A year before he resigned from the civil service, he had a disagreement with Babangida. Babangida wanted to sell his house to the retiring Chief Justice of Nigeria, Justice Sowemimo, for ₦4 million, as the latter had requested. The Waziri advised against it, asking the president to give the Justice money to build another house instead, saying if such houses had been sold since colonial times, there would have been none left. Anyway, IBB did as he wished, but the man had made his point.
When the late General Sani Abacha was looking for credible people to assist him in governance, he made the Waziri the first chairman of the Federal Character Commission, with Dr. Sabo Bako from ABU, Zaria, as the secretary.
The chairman, with the disciplined background of a British-trained civil servant, could not jell with the secretary coming from the liberal university structure. When it came down to Abacha to settle for one, he was said to have intoned, “Tell that doctor to return to ABU.”
I used to visit Dr. Fika with my family at his house in Kaduna and in Abuja whenever he asked me to meet him. And so it was that we also visited him a couple of times on his sick bed at the Aso Clinic. Even at the hospital, he made me feel welcomed, and he engaged me in discussions, always encouraging me by telling me, “I read your article.”

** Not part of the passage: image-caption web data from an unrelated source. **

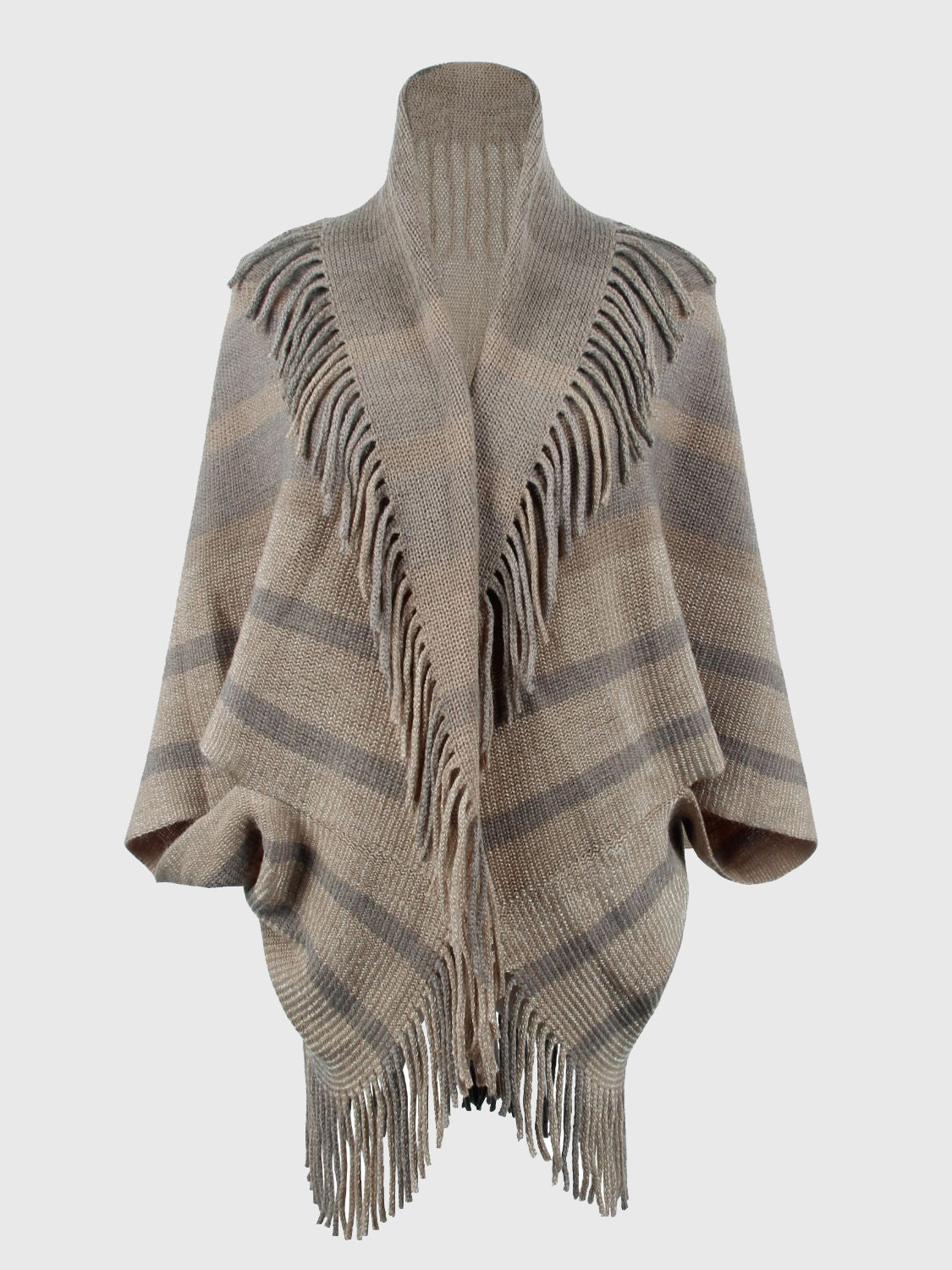 Poncho mit offener Vorderseite und Fransendetail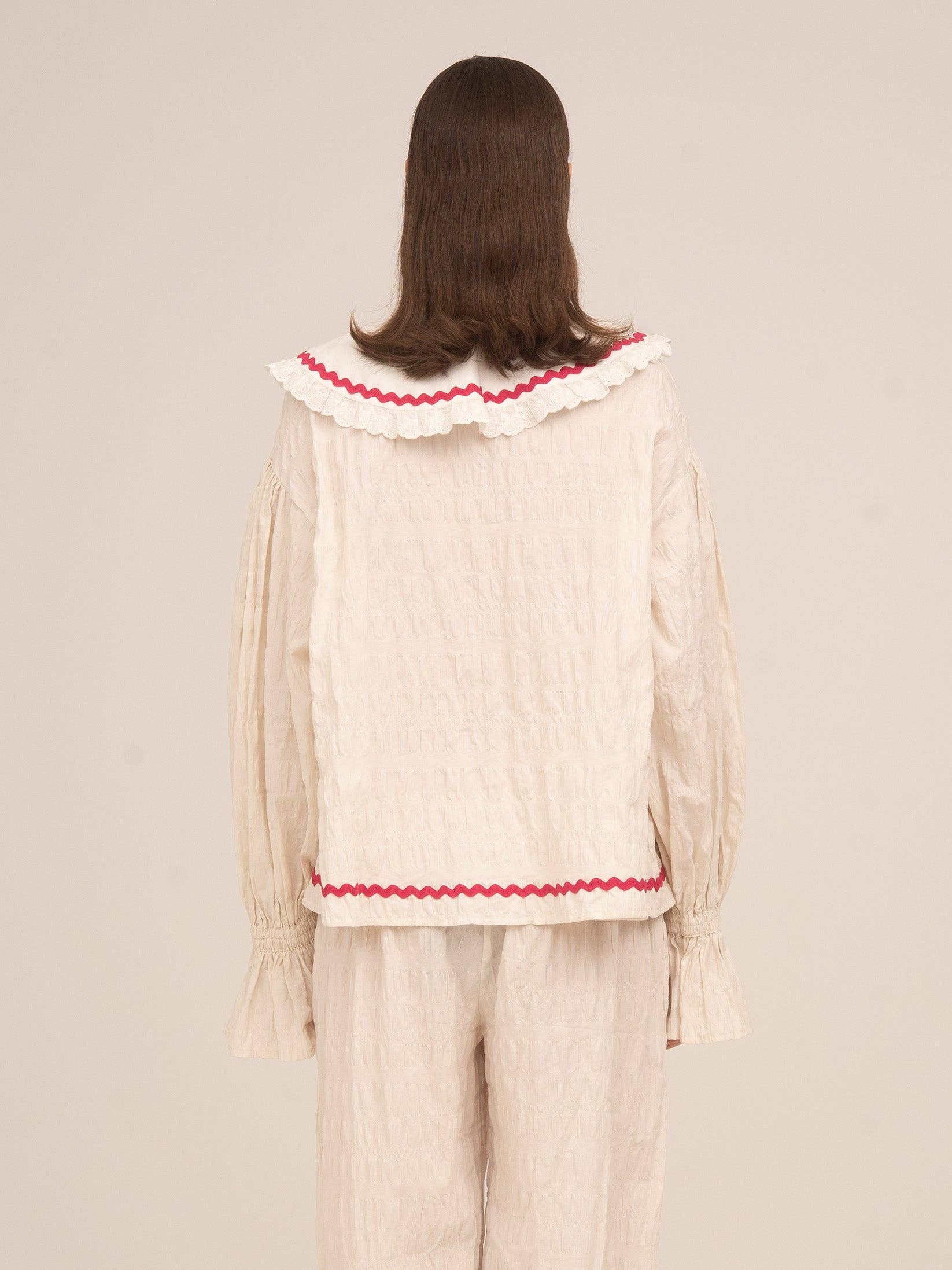 Blusa Pigiama Crema Offduty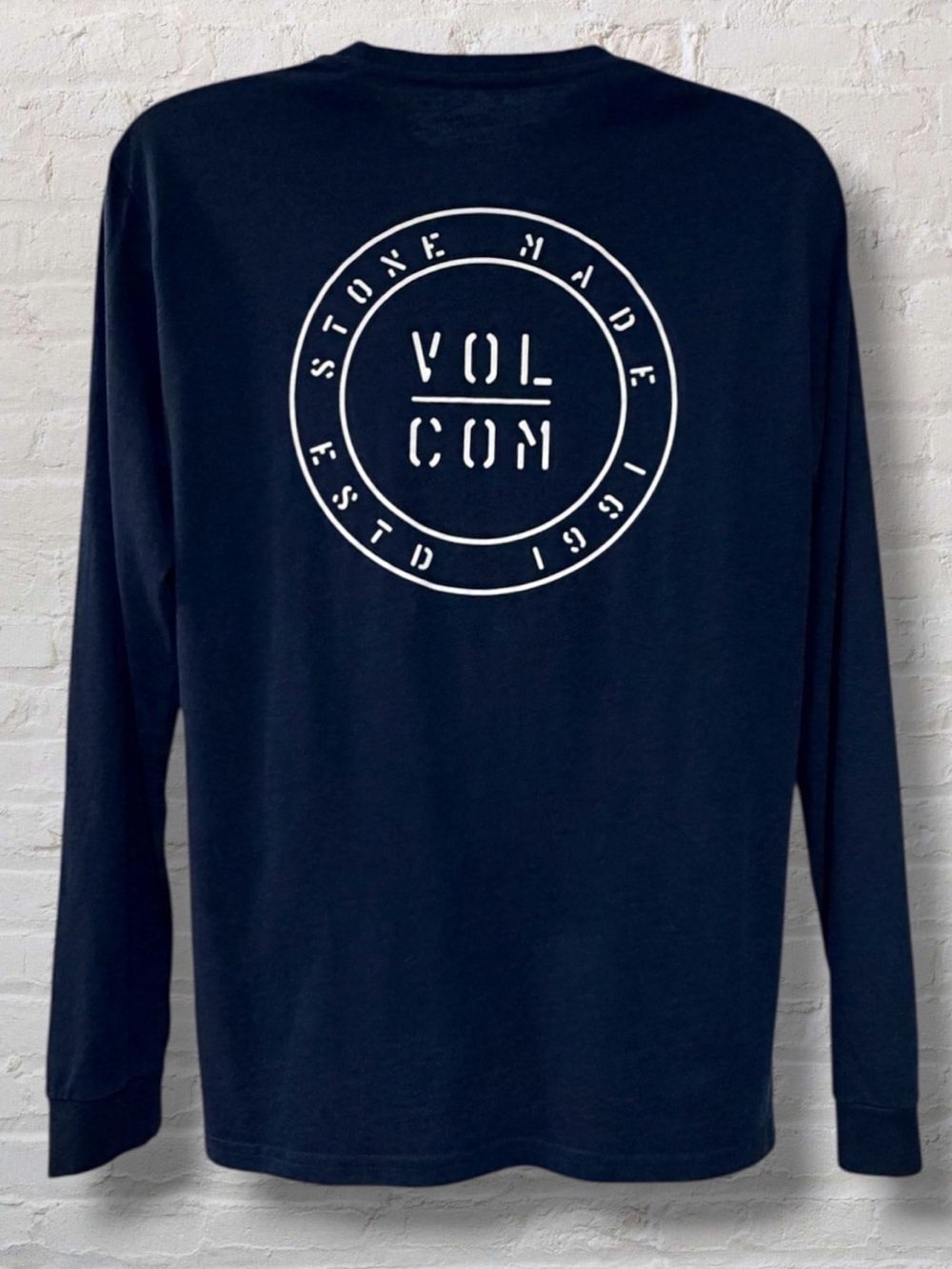 Volcom Men’s Long Sleeve Graphic T-Shirt Navy Blue Size L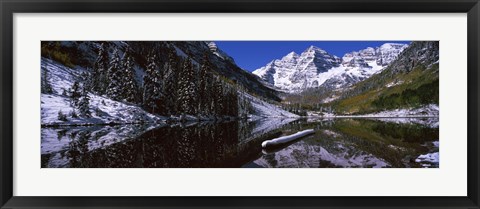 Framed Reflection of a mountain in a lake, Maroon Bells, Aspen, Colorado Print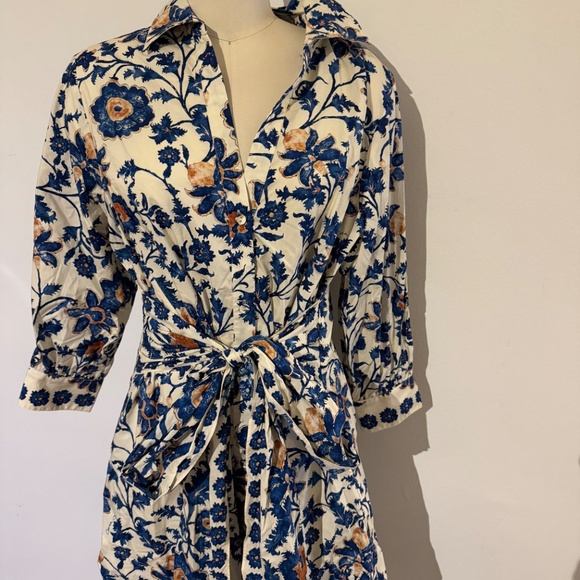 NWT Cara Cara Leighton Floral Poplin Shirtdress Azure Alexandria Floral - Picture 2 of 7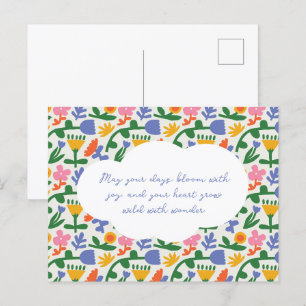 Leuke lente bloemenpatroon feestdagenkaart
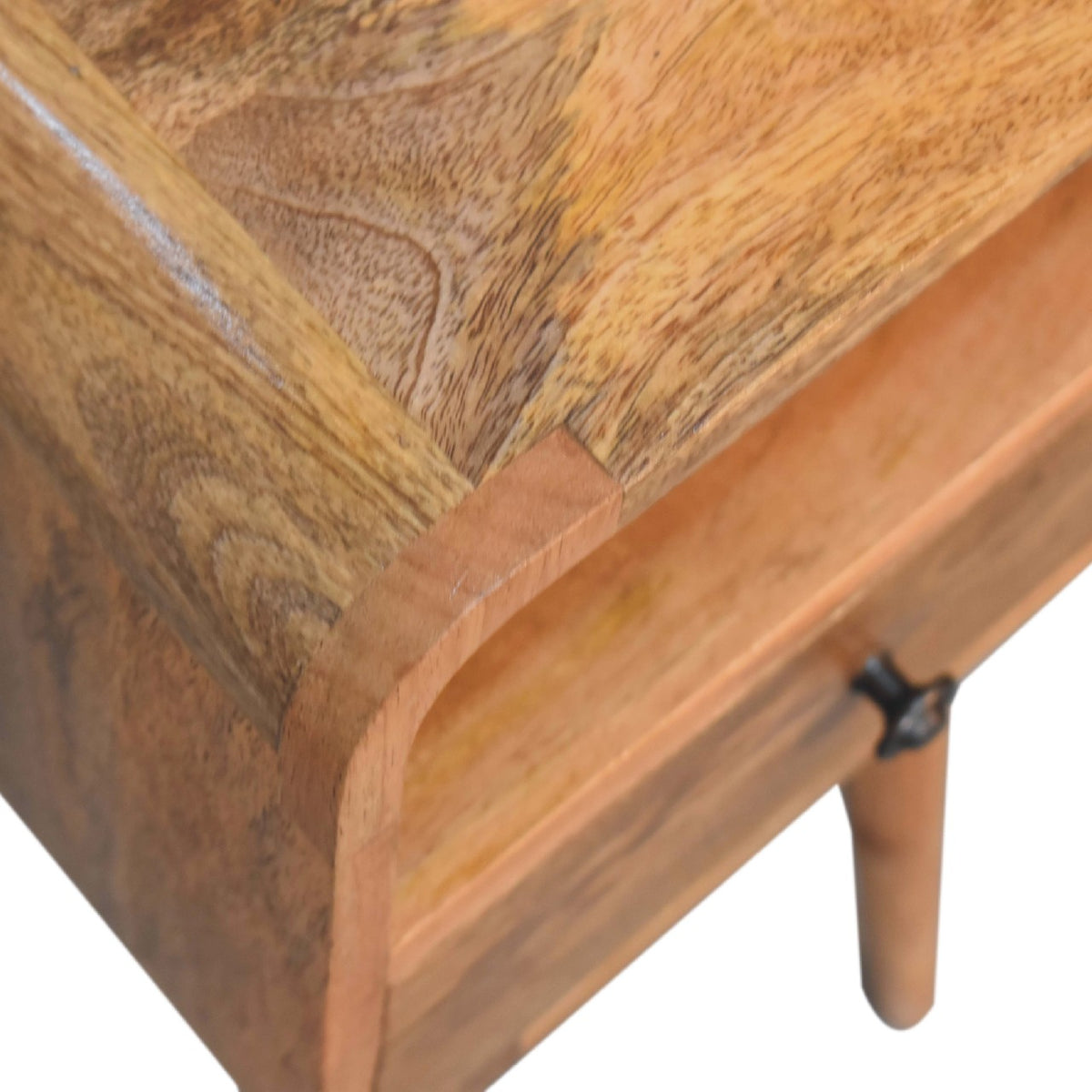 Small Oak Wood Curved Open Shelf Nightstand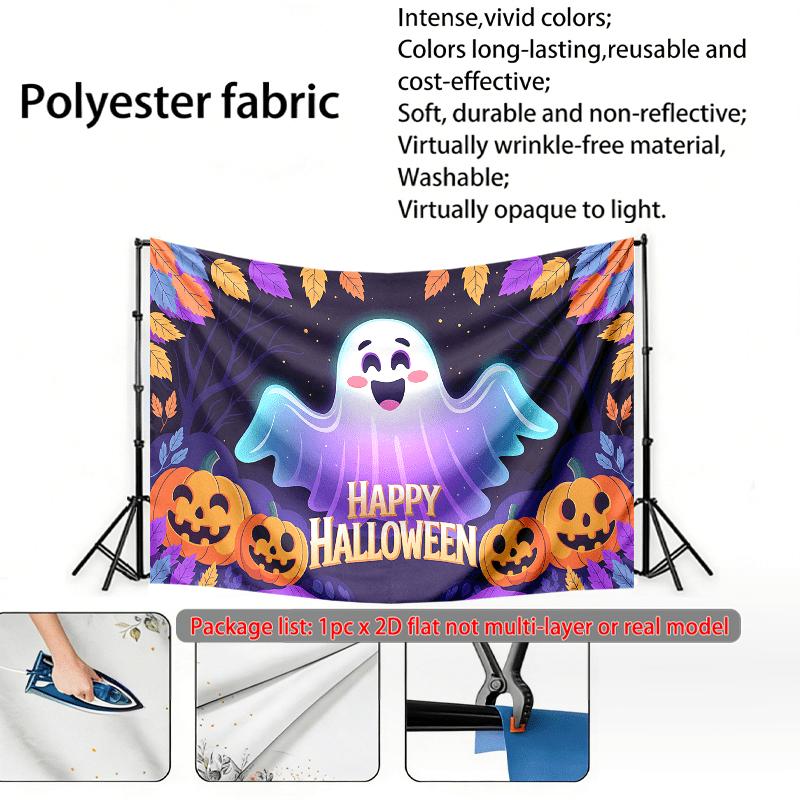 Party Banner Pumpkin Leaves Halloween Backdrop, Polyester Wall Decor for Celebration & Photos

The Waziri was a man who lived by the best of principles: he spoke truth to power while in service and left when the powerful refused to heed wise counsel, but the world knows now that time and posterity have vindicated him.
He did not remain with a sealed mouth, enjoying the fruits of misdeeds, then turning back and castigating at a “valedictory speech” when forced by service rules to leave. That attitude does not help the country. That’s cowardice, and Dr. Adamu Fika, the Wazirin Fika, was never a coward.
May his noble soul rest in perfect peace.
Hassan Gimba is the publisher and editor-in-chief of Neptune Prime.